**** SOURCE MATERIAL
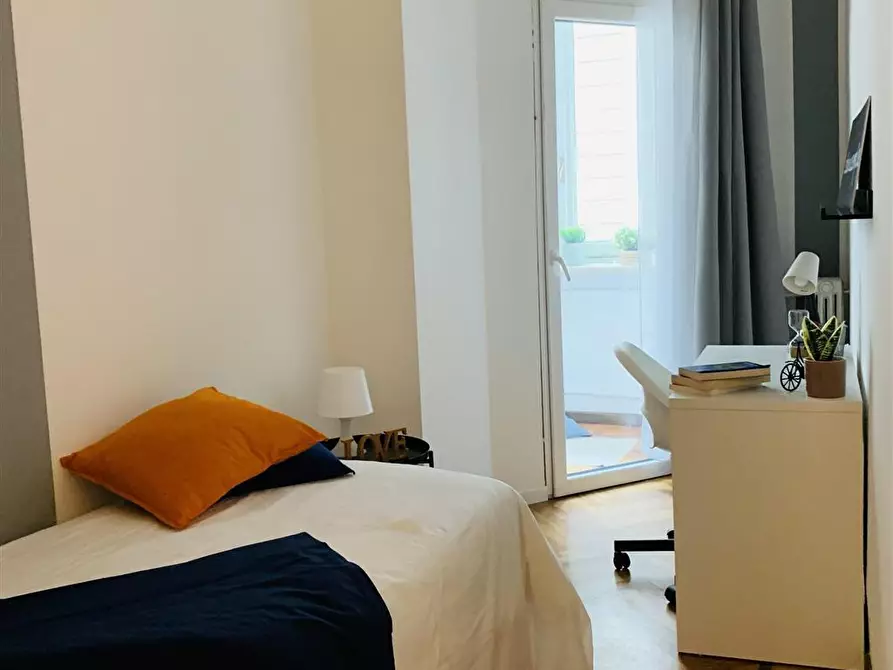 Immagine 2 di Stanza singola in affitto  in Via Sant'Agostino n.12 a Torino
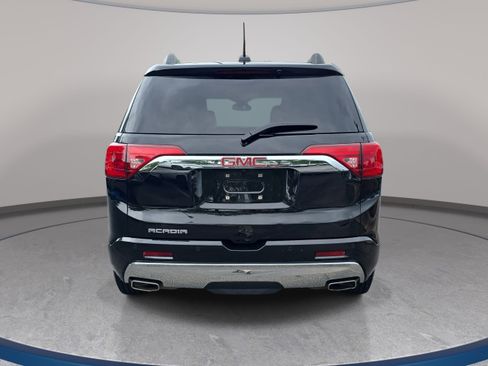 Used 2017 GMC Acadia Denali w/ Technology Package FWD image 6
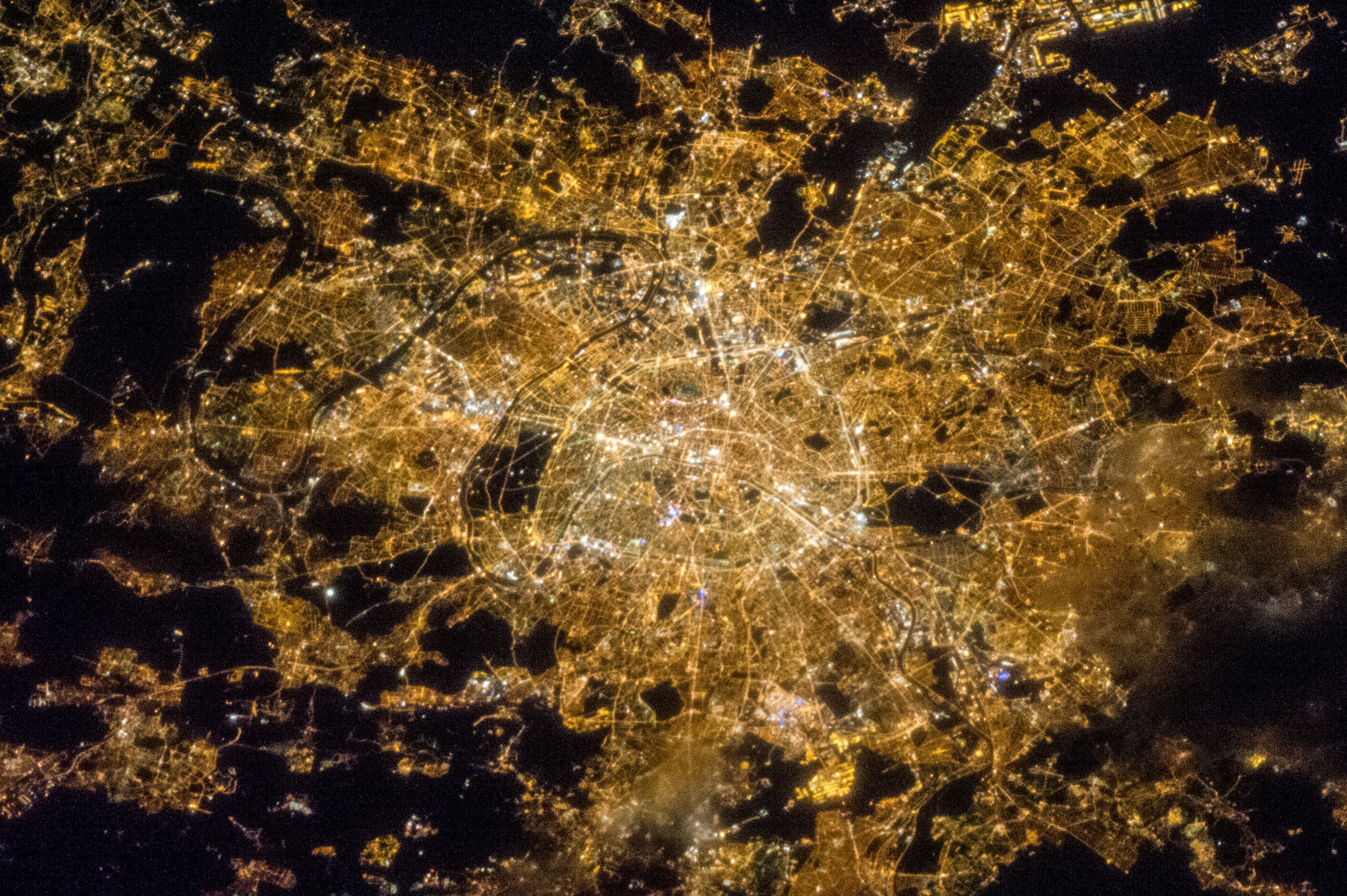 Photo: Paris At Night From Space - SpaceRef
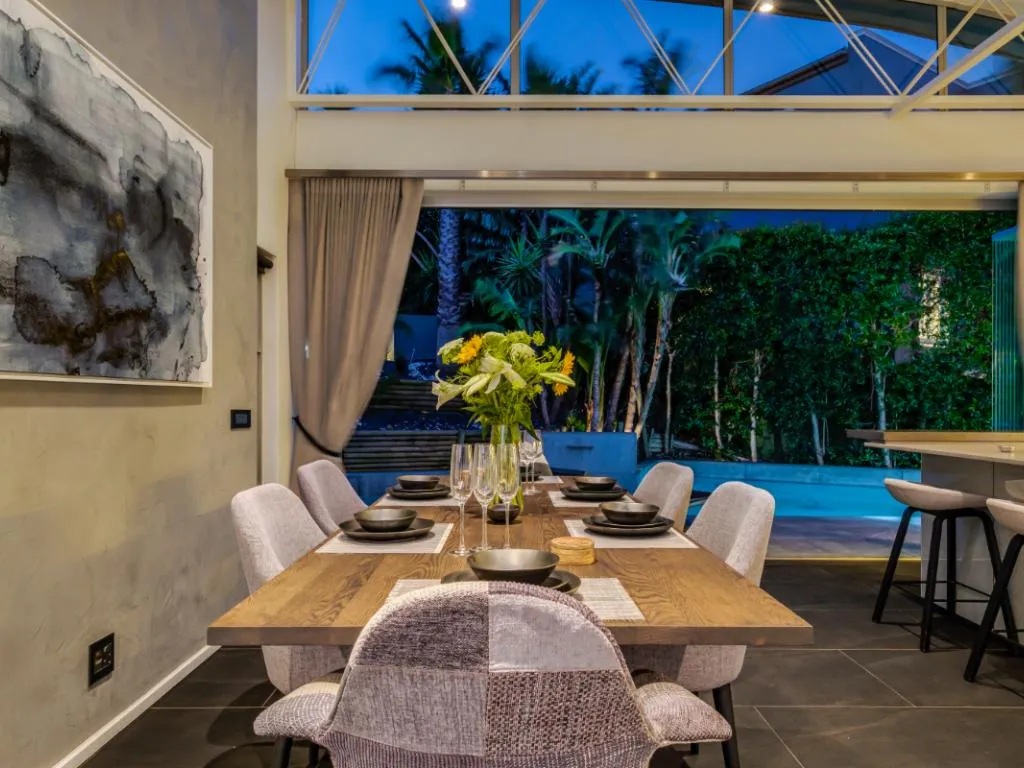 property_[object Object]_10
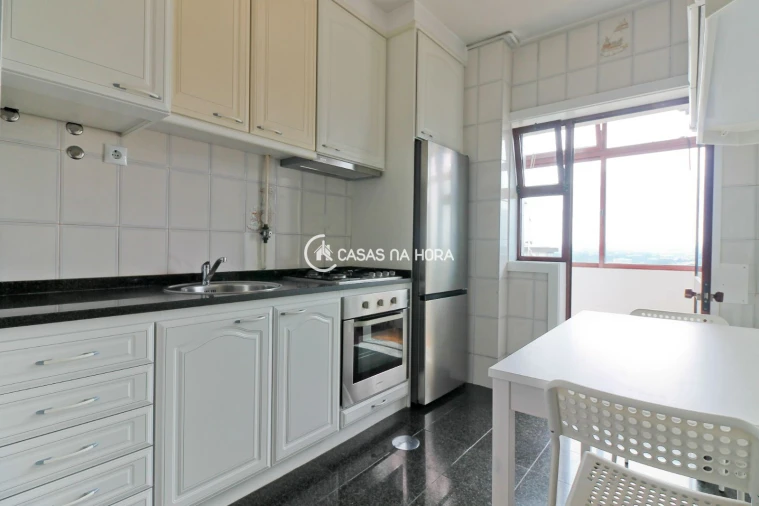 Apartamento T2 para Arrendamento em Cidade da Maia Foto 15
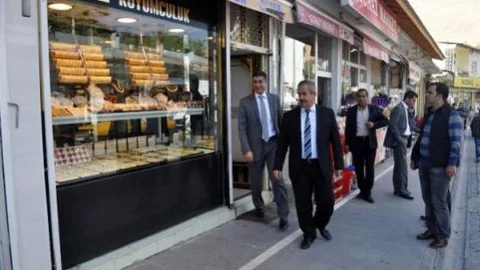 Mülki Amirlerinden Adilcevaz Esnafına Ziyaret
********
■ **BRIEF**: Copy out every entry exactly as written, but not the pictures.

■ **REPLY**:
 Immagine 2 di Stanza singola in affitto  in Via Sant'Agostino n.12 a Torino
 Used 2017 GMC Acadia Denali w/ Technology Package FWD image 6
 Photo: Paris At Night From Space - SpaceRef
 property_[object Object]_10
 Apartamento T2 para Arrendamento em Cidade da Maia Foto 15
 Mülki Amirlerinden Adilcevaz Esnafına Ziyaret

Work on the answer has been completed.